Only a verbatim restatement of the lines from the one with "Kerst Onderzetters (Morgen" through the end of the listing below is wanted. Pictures should be left out.

AVAILABLE DATA:
-------------------------
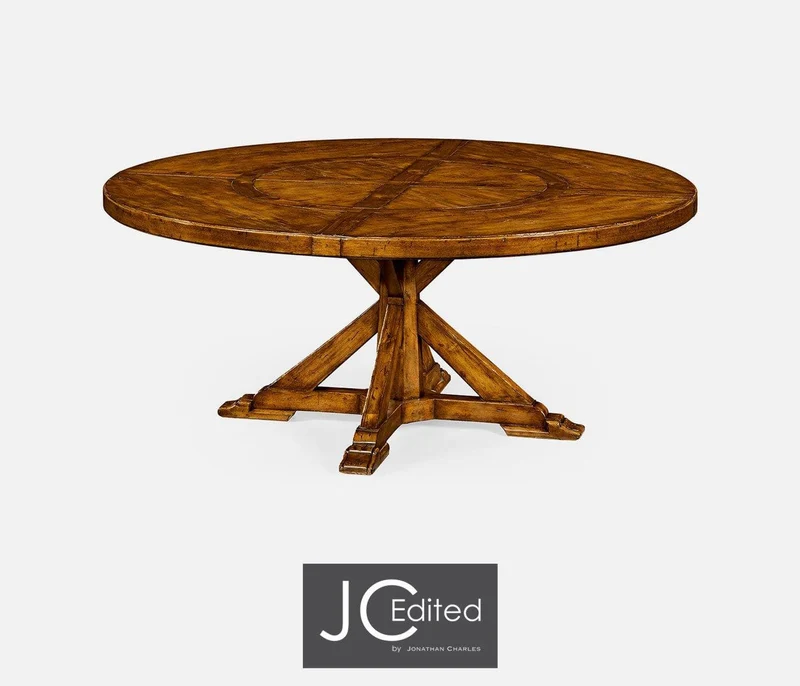 Round Dining Table Rustic with Lazy Susan in Country Walnut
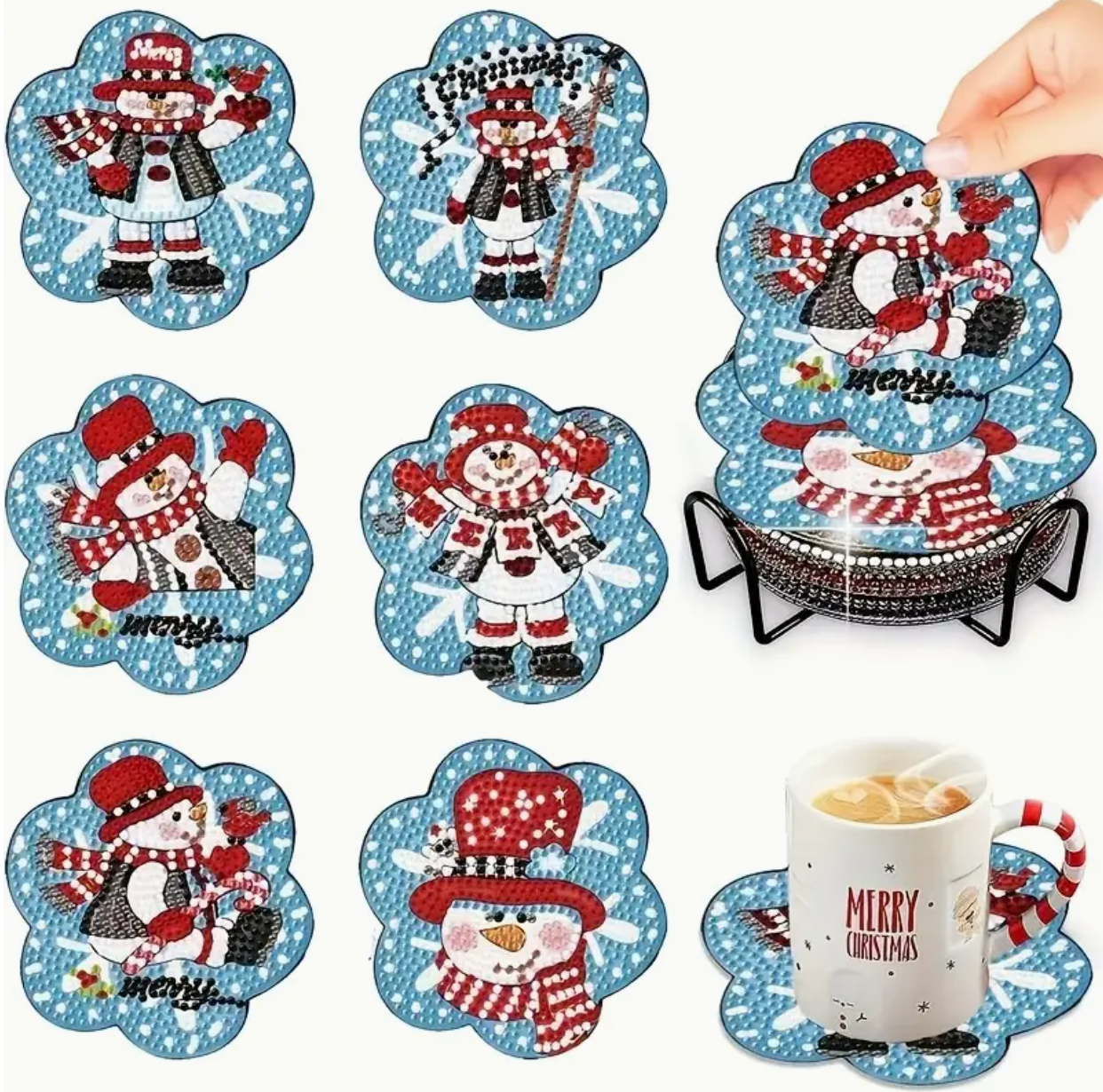 Kerst Onderzetters (Morgen in huis) Diamond Painting Planet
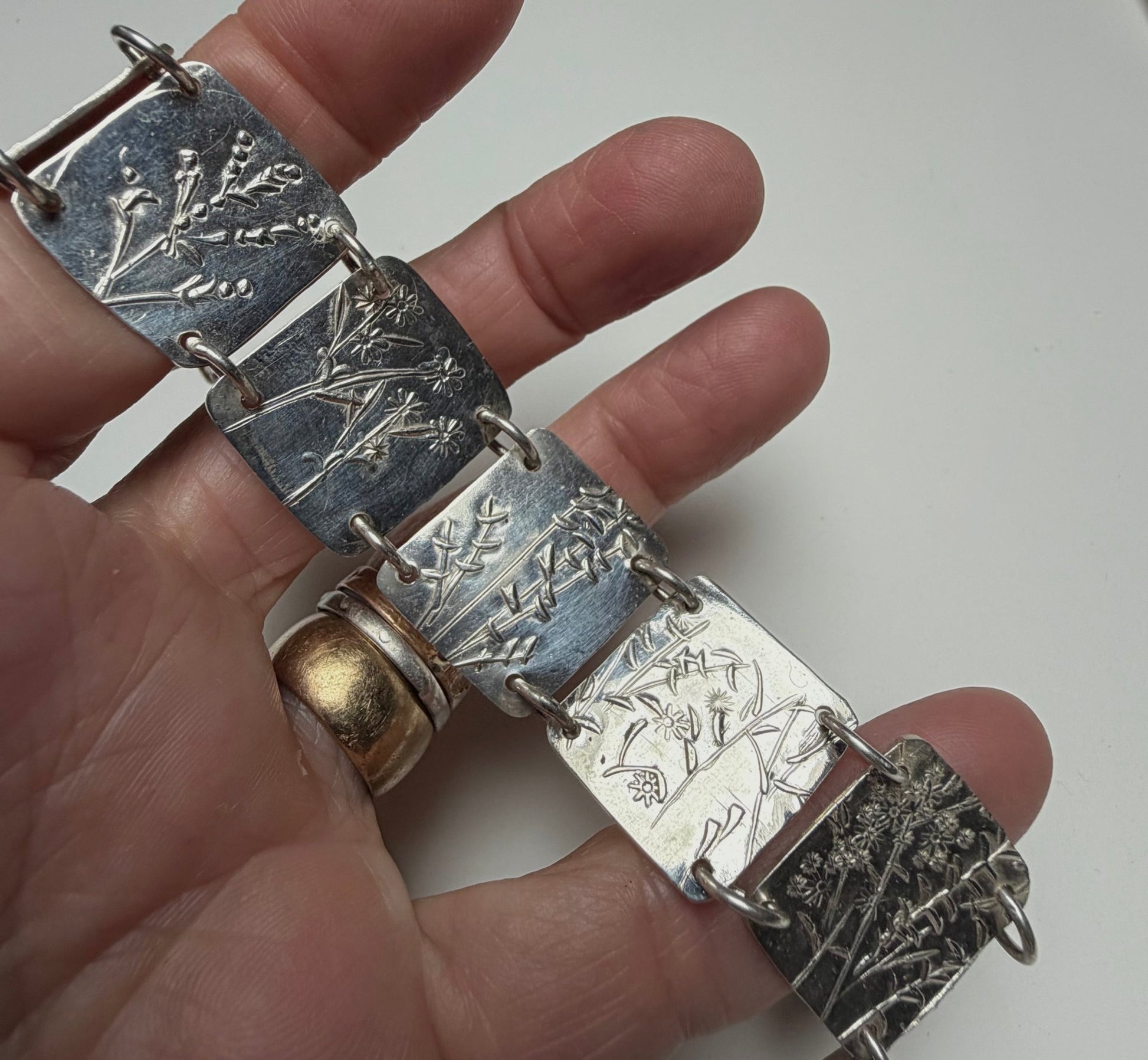 Native Wildflowers Sterling Silver Bracelet | Evitts Creek Arts - Evitts Creek Arts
-------------------------
WORKED SOLUTION:
 Kerst Onderzetters (Morgen in huis) Diamond Painting Planet
 Native Wildflowers Sterling Silver Bracelet | Evitts Creek Arts - Evitts Creek Arts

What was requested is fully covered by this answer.